THE BOURNE SPOILER ALERT
What next? Cross, like Jason Bourne, when he was around, runs all around several cities on several continents. Included on his travels, or the movie’s, are jaunts/battles/links in New York, Chicago, Seoul, Karachi and Manila, but all he finds anywhere are a lot of maniacs trying to shoot and kill him, take away his skill enhancements and keep complaining (maybe) that he isn’t Matt Damon. They also try to kill the lady on his one good rest stop, Rachel Weisz, as the brilliant but beleaguered Dr. Marta Shearing — a scientist who helped with Cross’ skill enhancements, and might be able to get him the drugs he desperately needs, But the assassins keep killing and slaughtering and otherwise behaving abominably at the behest of Edward Norton, right up to the movie’s piece de resistance, a Bullitt/French Connection chase special, on motorcycles, in Manila. The villains, a well-performing, tireless group, include Donna Murphy and Veljko Ivanek.
END OF SPOILER
The result is entertaining, but disappointing, better than most action or spy thrillers, but not as good as the previous Bournes, or as Michael Clayton. And the major reason is not the script, the production, the direction, or the acting — all of which are pretty much standard for the series — but the absence of the original star. The Damon Disappearance.
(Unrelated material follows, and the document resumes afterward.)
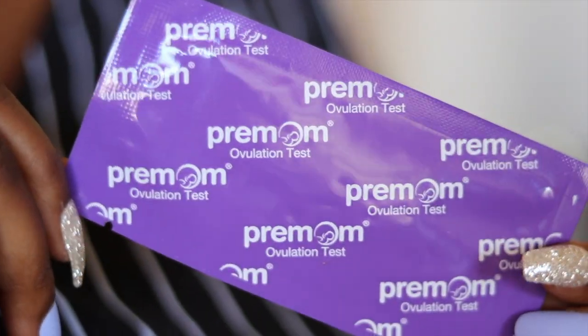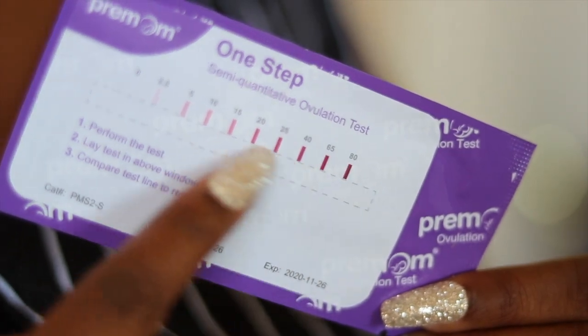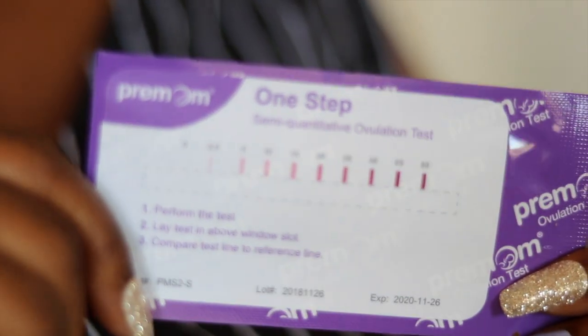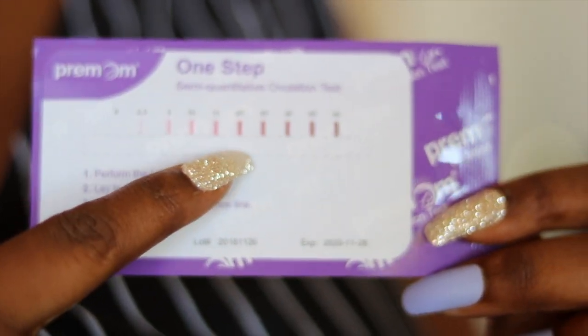I'll take it out and show you. These tests come in the same kind of pouch as the regular ovulation tests, but they're purple. The levels go from zero to 80. The control line stays the same — it stays super dark and won't change — but what will change is the test line. If you're at zero you didn't take it right, but it'll start around 2.5 and get darker as you approach your peak.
Do I exaggerate? Is Damon really The Bourne Indispensable? Well he is, if you’re looking for the special qualities he brought to the Bourne Trilogy: believable confusion, anguish, resilience, idealism, paranoia casual heroism, and the ability, like Lola, to never stop running. There are three main kinds of spy movies: The James Bond super-spy type, and the Eric Ambler or Three Days of the Condor type where the hero is more ordinary, plunged into something he doesn’t quite understand, or the darkly realistic John Le Carre. Model. The Bourne films, in a way, combine bits of all three.
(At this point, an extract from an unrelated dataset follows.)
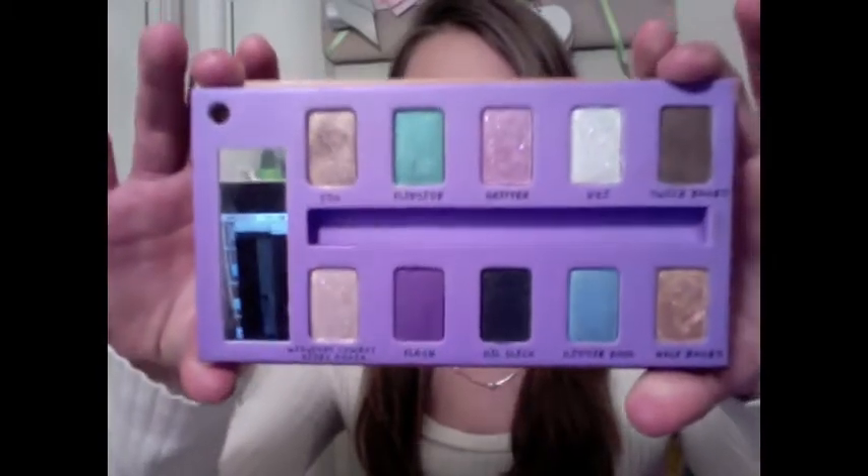Hey guys! So I got a request to do a tutorial on how I did my makeup in my review on the Urban Decay Sustainable Shadow Box from LaDiJaw1996 — they'll be in an annotation right down there. And I've used the Urban Decay Sustainable Shadow Box, so that's what I'm going to be using in this tutorial.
I’m not sure Damon was right in abandoning the Bourne Ship. It sometimes helps a serious actor to have a franchise series under him — and I‘ve often felt the younger Alec Baldwin made a mistake in dropping out of the Tom Clancy-derived Jack Ryan novels when he did — even though I dislike Clancy-derived Jack Ryan novels myself. Anyway, I wish Damon had made this one. It’s not that Renner isn’t up to snuff; he’s a natural, magnetic actor with a lot boiling under his mug, and he’s perfect for the kind of cursed hero or villain roles he played in The Hurt Locker and The Town, and perfectly acceptable for, say, some new Cross Trilogy, with The Cross Narration or The Cross Befuddlement. But to have a whole film called The Bourne Legacy, and have Matt Damon pop up (as I remember) only in one head shot on TV, with references to or characters from The Bourne Ultimatum included off and on, strikes me as chintzy. What‘s next? Bourne in the U.S.A.? Bourne on the Fourth of July? Bourne Yesterday? (I realize that’s an old joke, but, in way, so is The Bourne Legacy.).
Maybe they should have forgotten Bourne entirely and called this one The Cross Prescription. Or maybe they should have kept waiting for Damon to come around, and maybe lured him back by hiring his old buddy Ben Affleck to direct, and filled up the movie with Afflecks as well as Gilroys. Bourne Free? What the hell: It’s only a movie.